"...Donne-moi la main
Le ciel de Nantes
Rend mon cœur chagrin."

La chanson de Barbara aurait été parfaite pour illustrer ce qui fut sans aucun doute le dernier chef d'oeuvre de Demy. Réalisé après L'événement le plus important depuis que l'homme a marché sur la lune et Lady Oscar, deux de ses moins bons films (voire franchement mauvais,malgré tout l'amour que je lui porte), et avant les semi-échecs que seront Parking ou Trois places pour le 26, Une chambre en ville voit Demy renouer avec tout ce qui a fait le sel de son cinéma.

Mais la décennie 1970 a été terrible pour lui et bien des choses ont changé. En froid avec Legrand qui juge le projet irréalisable, Demy est contraint de travailler avec un autre Michel, Colombier cette fois-ci. La musique s'ne ressent parfois, car le compositeur est moins à l'aise avec les ruptures de tons chères au cinéastes, et il n'excelle pas dans tous les registres. Les chansons les plus typées "variétés françaises" sont ainsi parfois à moitié réussies, et les arrangements aux claviers ont considérablement vieilli. Néanmoins, lorsqu'il verse dans un jazz moderne plus traditionnel de Demy ou dans de somptueuses envolées lyriques et opératiques, le film atteint des sommets d'intensité époustouflants. Car tout comme les Parapluies de Cherbourg, Une chambre en ville ets un film intégralement chanté. Et il est judicieux de noter à quel point les deux films partagent des traits - fréquents dans l'oeuvre de Demy il est vrai : Nantes déjà, ville portuaire que Demy retrouve enfin après Lola. Il y tourne en décors naturels parfois (les escaliers des halles couvertes qui étaient au centre de la topographie de Lola), mais en reconstitue certains éléments en studio (les scènes dans le magasin de Michel Piccoli par exemple). Comme dans les Parapluies ou les Demoiselles, décors et costumes sont en adéquation parfaite. C'est un pan de mur ou une tuyauterie zébrée d'un trait de jaune pour coller au veston de François, un papier peint mauve, rouge ou bleu selon la personne occupant l'espace. Les appartements sont des décors archi-travaillés, tandis que dans la ville, Demy ne peint que quelques détails.
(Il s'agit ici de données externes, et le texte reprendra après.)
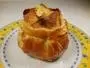 Pear filled with confectioner's custard, wrapped in a sweet pancake and puff pastry.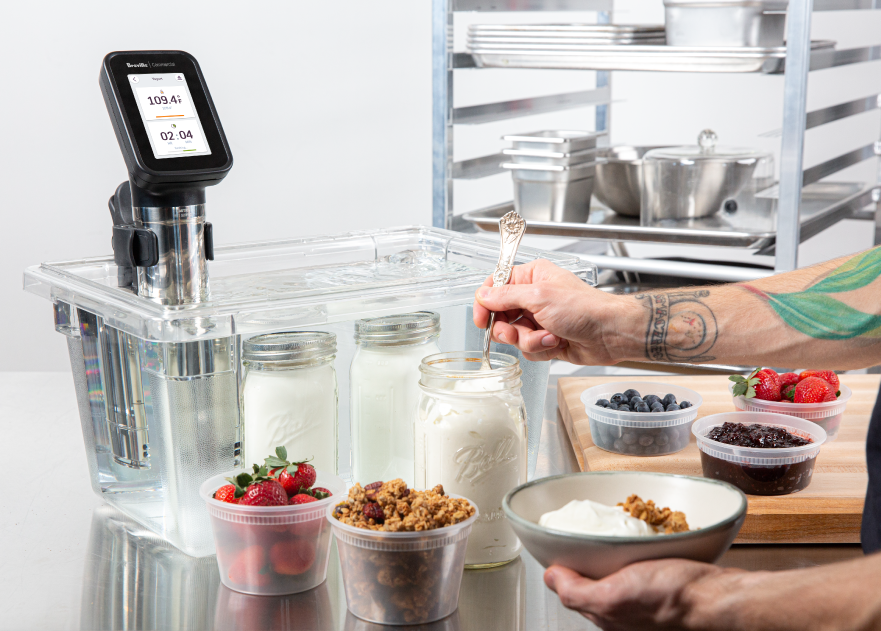 Food in containers sitting in front of sous vide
Ce choix a son importance, car Nantes est en berne dans le film : 1955, grèves et émeutes, grisailles omniprésente... il ne fallait surtout pas repeindre de couleurs chatoyantes ou agressives la ville. Les plans du génériques sur le port dominé par un disque solaire morne puis sanglant donnent le ton. L'ouverture et le clôture du film, typiquement opératiques, agissent comme des choeurs violents, puissamment tragiques. Le récent navet intégralement chanté sur les Misérables s'en sera d'ailleurs probablement souvenu. Il s'agit là du film le plus désespéré de Demy, le plus sombre et le plus tragique. A côté de ça, les Parapluies c'est burlesque. Les couples se défont, les femmes enceintes sont abandonnées de leurs amants volages, le chômage menace, l'argent vient à manquer, les forces de l'ordre répriment dans le sang, les maris jaloux se tuent devant leurs épouses qui font le tapin sous des manteaux de fourrure et les amants heureux finissent réunis dans le sang. Quiconque a vu d'autres films de Demy ne peut qu'être profondément bouleversé par un geste artistique que les chansons aux textes toujours superbes, riches en décrochages et ruptures de ton, ne font qu'amplifier.

Encore une oeuvre radicale, forte, à mettre au compte de son auteur, qui laisse Deneuve de côté pour tourner avec une impériale Danielle Darrieux (la seule qui n'est pas doublée parmi les acteurs principaux), grande aristocrate déchue, femme seule, parfois aigrie mais compatissante. Autour de cette forte tête où convergent toutes les trajectoires, Richard Berry est excellent en François, métallo coureurs de jupons mais fou amoureux d'Edith, fille de la baronne, jouée par la non moins excellente Dominique Sanda. Fabienne Guyon quant à elle joue Violette, modeste fille abandonnée par François et qui porte son enfant. C'est peut-être la seule à bien s'en tirer puisque si elle finit seule, elle porte au moins l'enfant de celui qui l'aima, jadis.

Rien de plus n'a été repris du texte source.